PROBLEM STATEMENT:
Set down exactly the lines below, starting at the one that contains "Apple iPhone 17 Pro Max Silver (Серебристый)" and ending at the one that contains "Super Emergency Challenger", with both of those lines included and nothing else.

[Records from a data collection]
= Beginning of Section =

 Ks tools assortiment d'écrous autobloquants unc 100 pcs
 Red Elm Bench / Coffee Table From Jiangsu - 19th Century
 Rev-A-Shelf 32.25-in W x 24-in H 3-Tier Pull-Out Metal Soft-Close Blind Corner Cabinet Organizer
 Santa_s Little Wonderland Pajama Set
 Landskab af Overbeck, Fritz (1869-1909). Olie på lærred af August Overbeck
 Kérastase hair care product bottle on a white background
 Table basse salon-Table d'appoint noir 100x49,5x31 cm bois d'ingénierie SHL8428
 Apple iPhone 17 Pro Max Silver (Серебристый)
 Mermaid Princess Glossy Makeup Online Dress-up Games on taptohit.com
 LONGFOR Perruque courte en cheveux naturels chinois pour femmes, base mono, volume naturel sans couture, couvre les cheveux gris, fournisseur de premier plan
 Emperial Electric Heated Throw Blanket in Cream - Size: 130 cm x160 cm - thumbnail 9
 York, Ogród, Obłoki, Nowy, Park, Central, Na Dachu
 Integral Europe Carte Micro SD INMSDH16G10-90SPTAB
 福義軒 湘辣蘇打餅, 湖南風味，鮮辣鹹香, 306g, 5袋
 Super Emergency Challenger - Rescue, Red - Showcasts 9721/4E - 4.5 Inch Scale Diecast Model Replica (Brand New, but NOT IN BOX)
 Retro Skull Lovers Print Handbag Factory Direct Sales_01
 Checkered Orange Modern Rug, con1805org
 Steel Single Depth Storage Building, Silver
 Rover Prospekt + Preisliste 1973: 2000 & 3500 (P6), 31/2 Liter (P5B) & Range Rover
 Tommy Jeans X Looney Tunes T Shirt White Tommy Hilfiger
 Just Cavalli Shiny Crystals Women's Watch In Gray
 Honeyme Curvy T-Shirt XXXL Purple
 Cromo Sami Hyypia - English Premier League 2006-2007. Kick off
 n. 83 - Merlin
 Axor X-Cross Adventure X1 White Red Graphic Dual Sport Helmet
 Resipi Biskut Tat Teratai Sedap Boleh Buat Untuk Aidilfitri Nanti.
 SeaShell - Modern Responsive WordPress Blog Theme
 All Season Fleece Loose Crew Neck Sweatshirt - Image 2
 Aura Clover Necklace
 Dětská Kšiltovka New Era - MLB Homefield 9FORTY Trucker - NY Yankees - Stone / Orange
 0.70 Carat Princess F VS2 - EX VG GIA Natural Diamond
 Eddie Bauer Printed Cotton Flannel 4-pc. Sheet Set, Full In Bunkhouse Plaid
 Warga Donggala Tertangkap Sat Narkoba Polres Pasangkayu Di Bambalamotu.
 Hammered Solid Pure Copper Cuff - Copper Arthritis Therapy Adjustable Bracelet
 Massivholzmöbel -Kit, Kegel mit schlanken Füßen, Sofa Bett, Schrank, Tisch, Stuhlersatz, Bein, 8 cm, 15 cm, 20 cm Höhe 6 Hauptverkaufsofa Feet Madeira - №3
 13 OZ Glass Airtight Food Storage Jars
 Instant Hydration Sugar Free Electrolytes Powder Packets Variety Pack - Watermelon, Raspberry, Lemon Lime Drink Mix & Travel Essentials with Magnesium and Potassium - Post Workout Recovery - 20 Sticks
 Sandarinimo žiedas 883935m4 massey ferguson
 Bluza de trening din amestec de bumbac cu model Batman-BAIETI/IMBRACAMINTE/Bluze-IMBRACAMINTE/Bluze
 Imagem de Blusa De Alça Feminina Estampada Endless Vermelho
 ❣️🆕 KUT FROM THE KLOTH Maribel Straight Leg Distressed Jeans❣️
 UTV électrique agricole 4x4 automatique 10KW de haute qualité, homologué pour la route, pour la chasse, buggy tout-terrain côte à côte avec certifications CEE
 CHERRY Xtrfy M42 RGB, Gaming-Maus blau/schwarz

= End of Section =

RESULT:
 Apple iPhone 17 Pro Max Silver (Серебристый)
 Mermaid Princess Glossy Makeup Online Dress-up Games on taptohit.com
 LONGFOR Perruque courte en cheveux naturels chinois pour femmes, base mono, volume naturel sans couture, couvre les cheveux gris, fournisseur de premier plan
 Emperial Electric Heated Throw Blanket in Cream - Size: 130 cm x160 cm - thumbnail 9
 York, Ogród, Obłoki, Nowy, Park, Central, Na Dachu
 Integral Europe Carte Micro SD INMSDH16G10-90SPTAB
 福義軒 湘辣蘇打餅, 湖南風味，鮮辣鹹香, 306g, 5袋
 Super Emergency Challenger - Rescue, Red - Showcasts 9721/4E - 4.5 Inch Scale Diecast Model Replica (Brand New, but NOT IN BOX)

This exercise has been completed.